PROBLEM TO SOLVE
Output every entry exactly as written, but omit the pictures.

Short text fragments from websites:
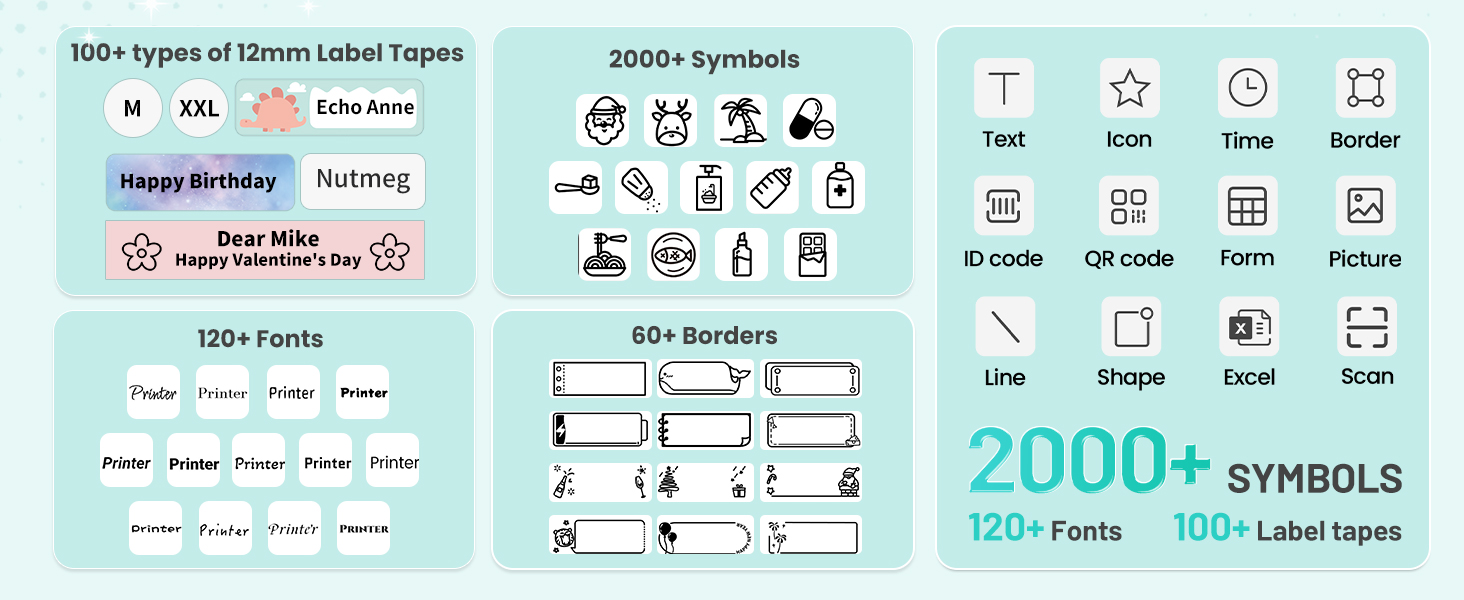 label maker machine with tape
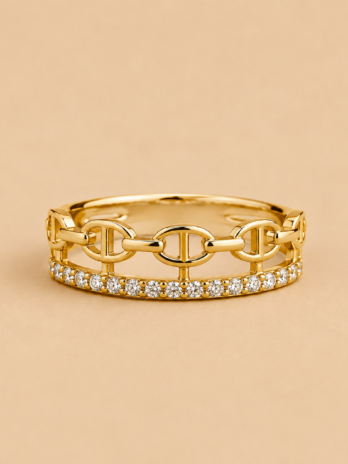 Bague Céline maille marine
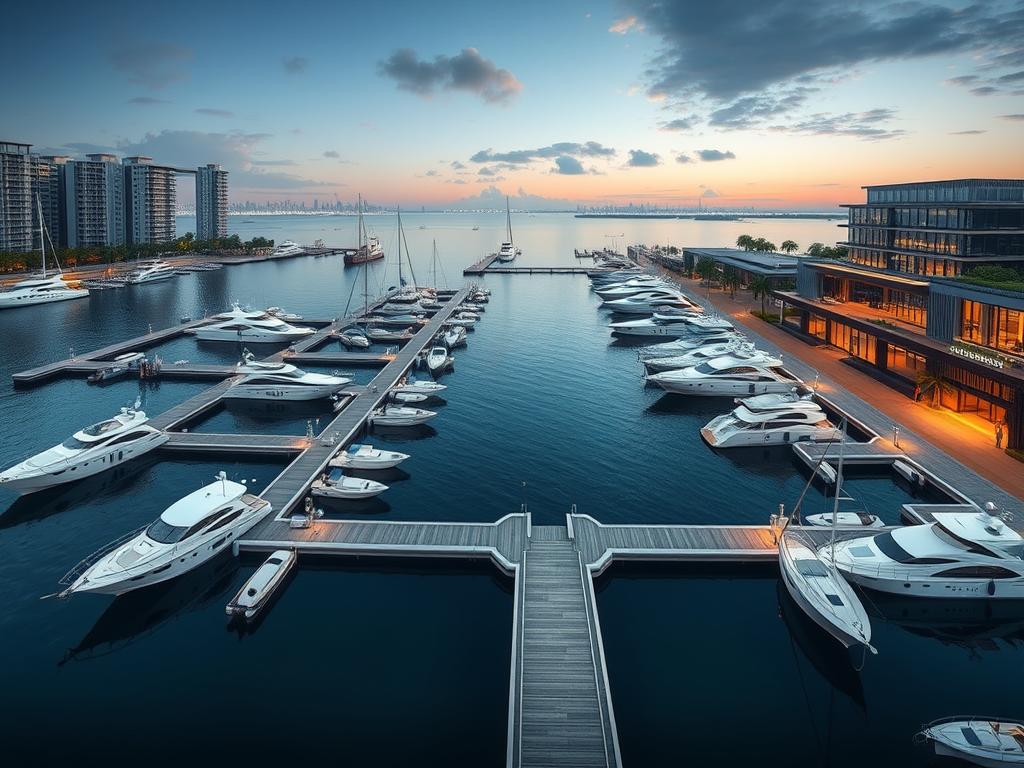 Bến du thuyền cao cấp tại Vinhomes Vũ Yên Hải Phòng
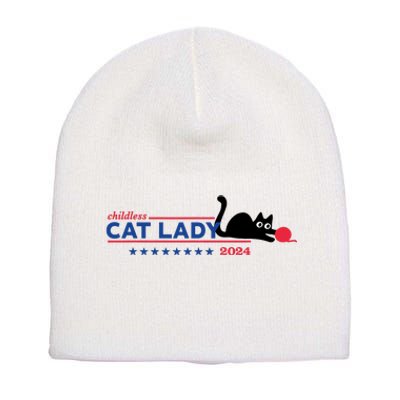 Childless Cat Lady Voting Election 2024 Usa Short Acrylic Beanie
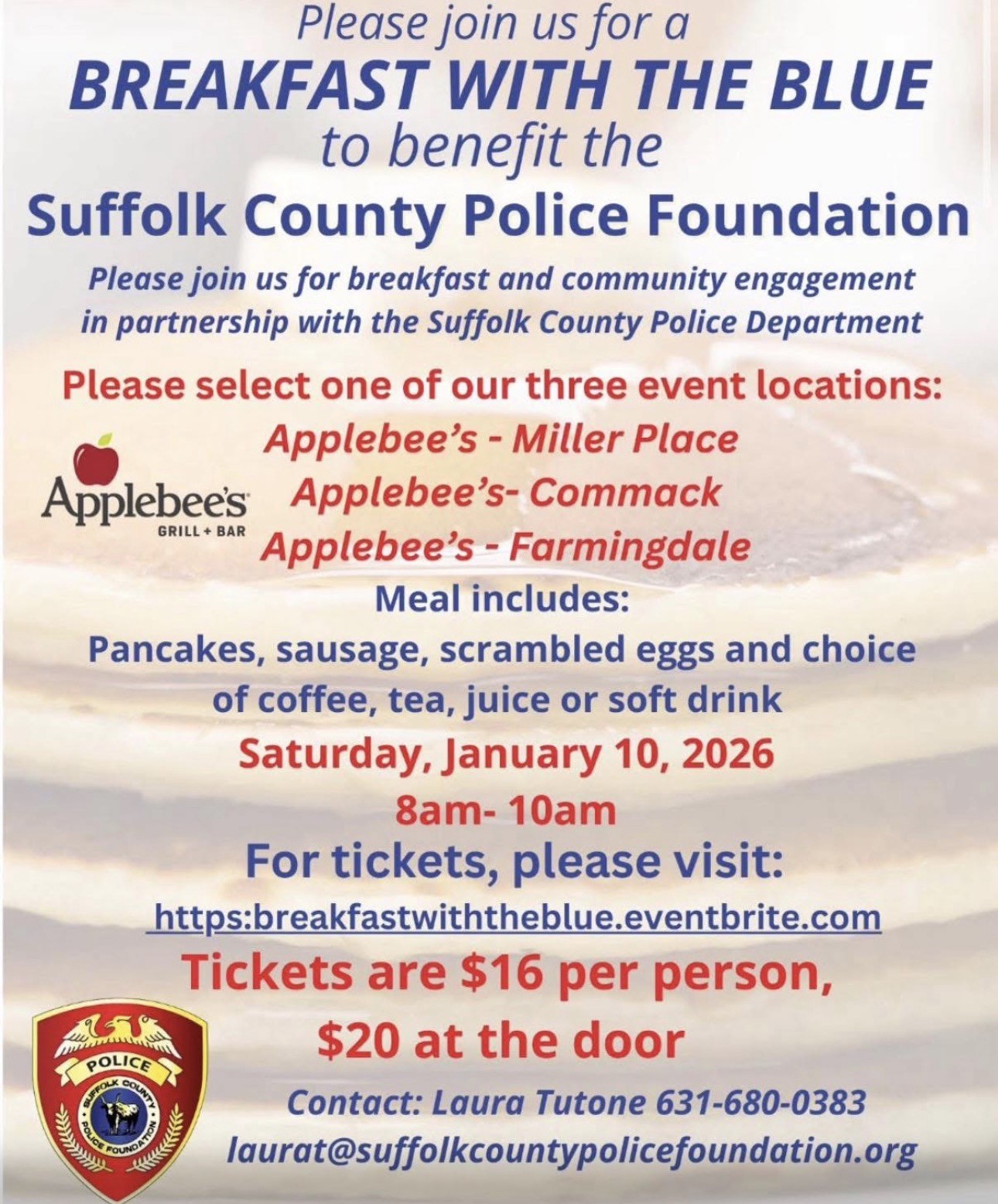 The Suffolk County Police Foundation Breakfast with the Blue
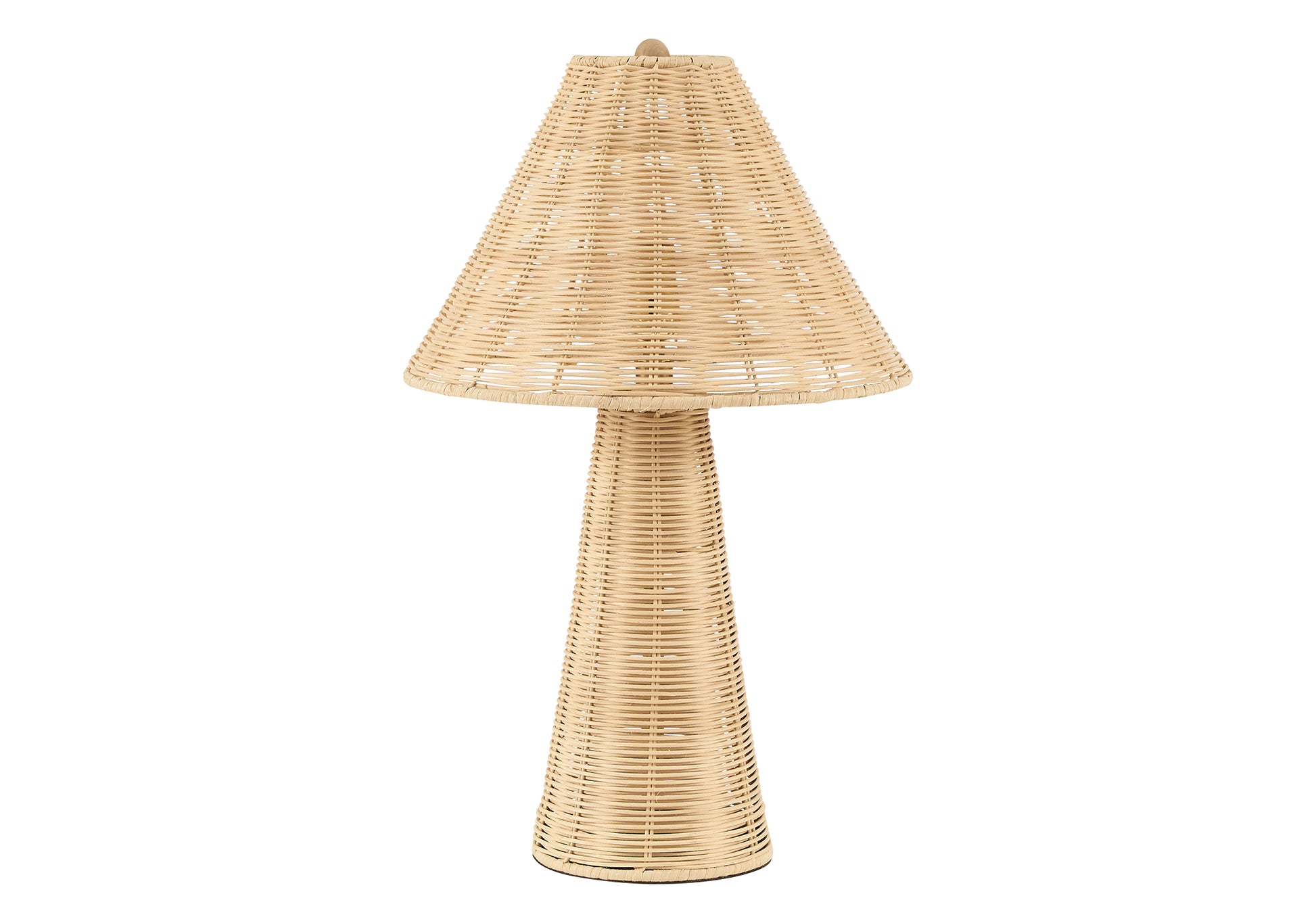 Contemporary Rattan Table Lamp - 21.75" Modern Boho Accent-Table lamp-DECOROLALA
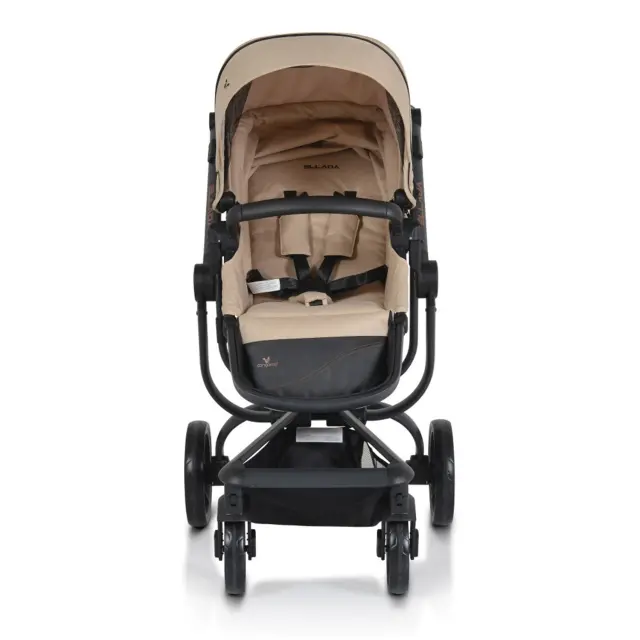 Πολυκαρότσι 3 in 1 Με Πορτ Μπεμπέ Ellada Beige Cangaroo 3800146235611 2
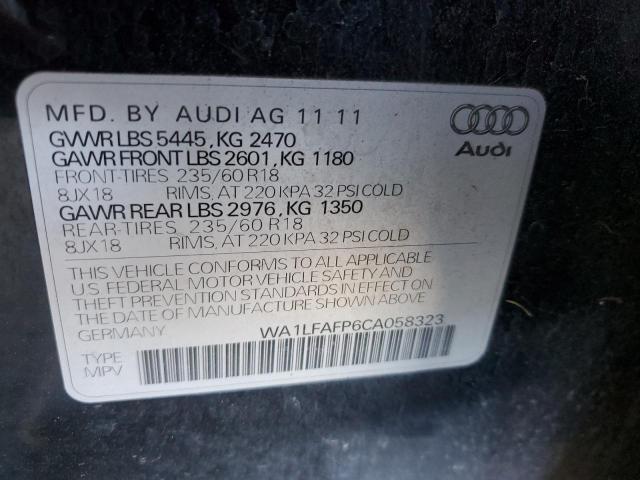 2012 AUDI Q5 PREMIUM - WA1LFAFP6CA058323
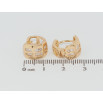 Серьги Xuping Позолота 18K колечки Широкие с вставками циркония фото №2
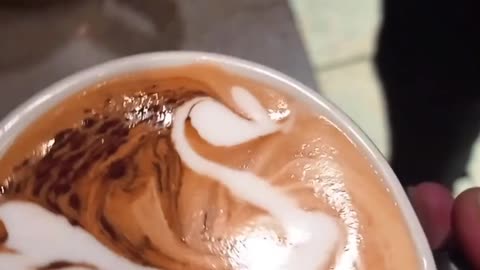 How to make latte art swan🦢like a pro barista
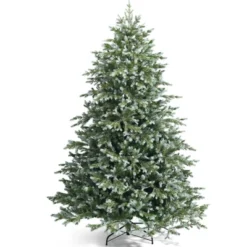 Costway 7ft Artificial Christmas Spruce Hinged Tree W/ 1260 Mixed PE & PVC Tips -Northlight Sale GUEST 81781985 4450 44ef aa28 2360cc5ad42e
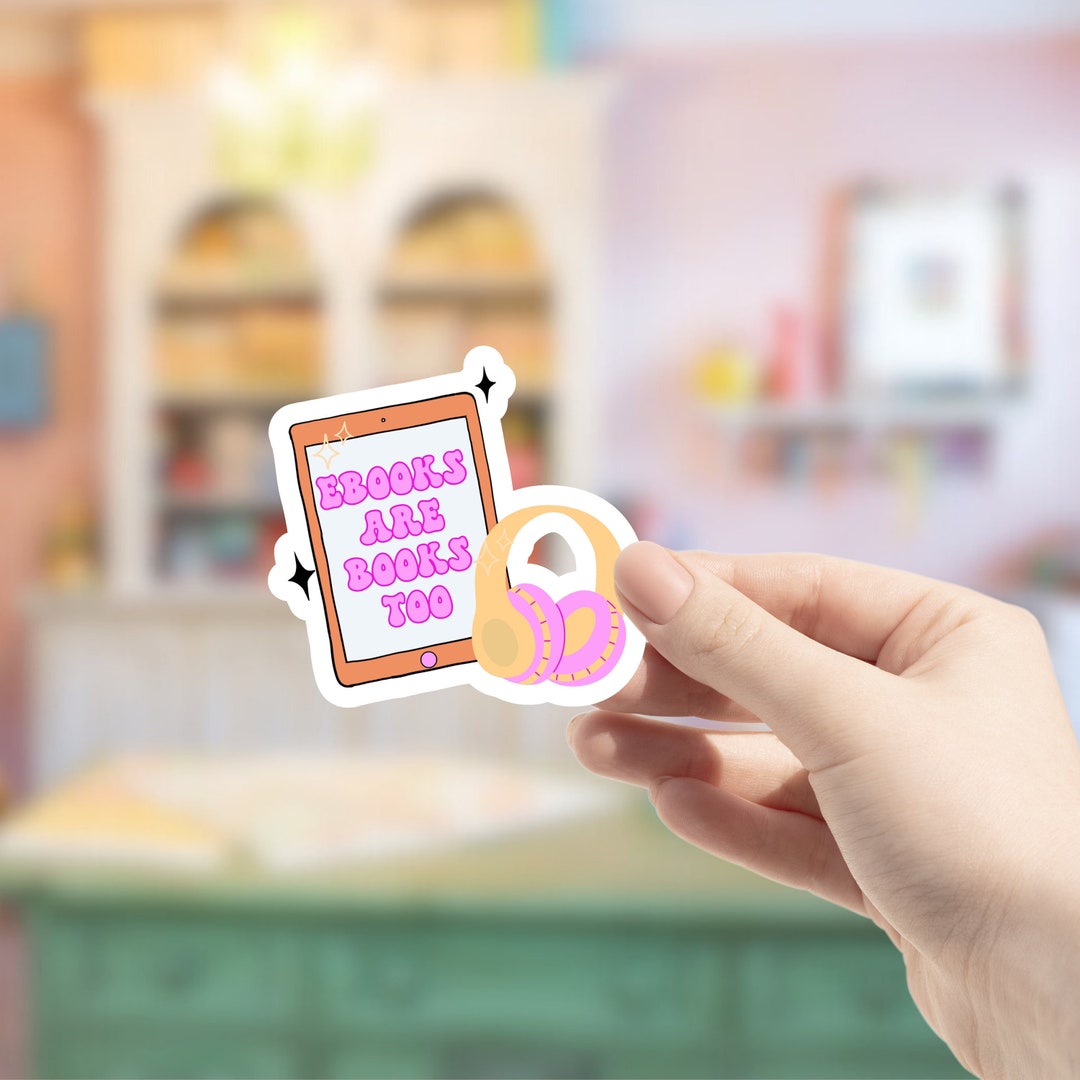 Book Sticker, Reading Sticker, Waterproof Sticker, Vinyl Sticker, Cute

ANSWER FOR THE TASK
 label maker machine with tape
 Bague Céline maille marine
 Bến du thuyền cao cấp tại Vinhomes Vũ Yên Hải Phòng
 Childless Cat Lady Voting Election 2024 Usa Short Acrylic Beanie
 The Suffolk County Police Foundation Breakfast with the Blue
 Contemporary Rattan Table Lamp - 21.75" Modern Boho Accent-Table lamp-DECOROLALA
 Πολυκαρότσι 3 in 1 Με Πορτ Μπεμπέ Ellada Beige Cangaroo 3800146235611 2
 2012 AUDI Q5 PREMIUM - WA1LFAFP6CA058323
 Серьги Xuping Позолота 18K колечки Широкие с вставками циркония фото №2
 How to make latte art swan🦢like a pro barista
 Costway 7ft Artificial Christmas Spruce Hinged Tree W/ 1260 Mixed PE & PVC Tips -Northlight Sale GUEST 81781985 4450 44ef aa28 2360cc5ad42e
 Book Sticker, Reading Sticker, Waterproof Sticker, Vinyl Sticker, Cute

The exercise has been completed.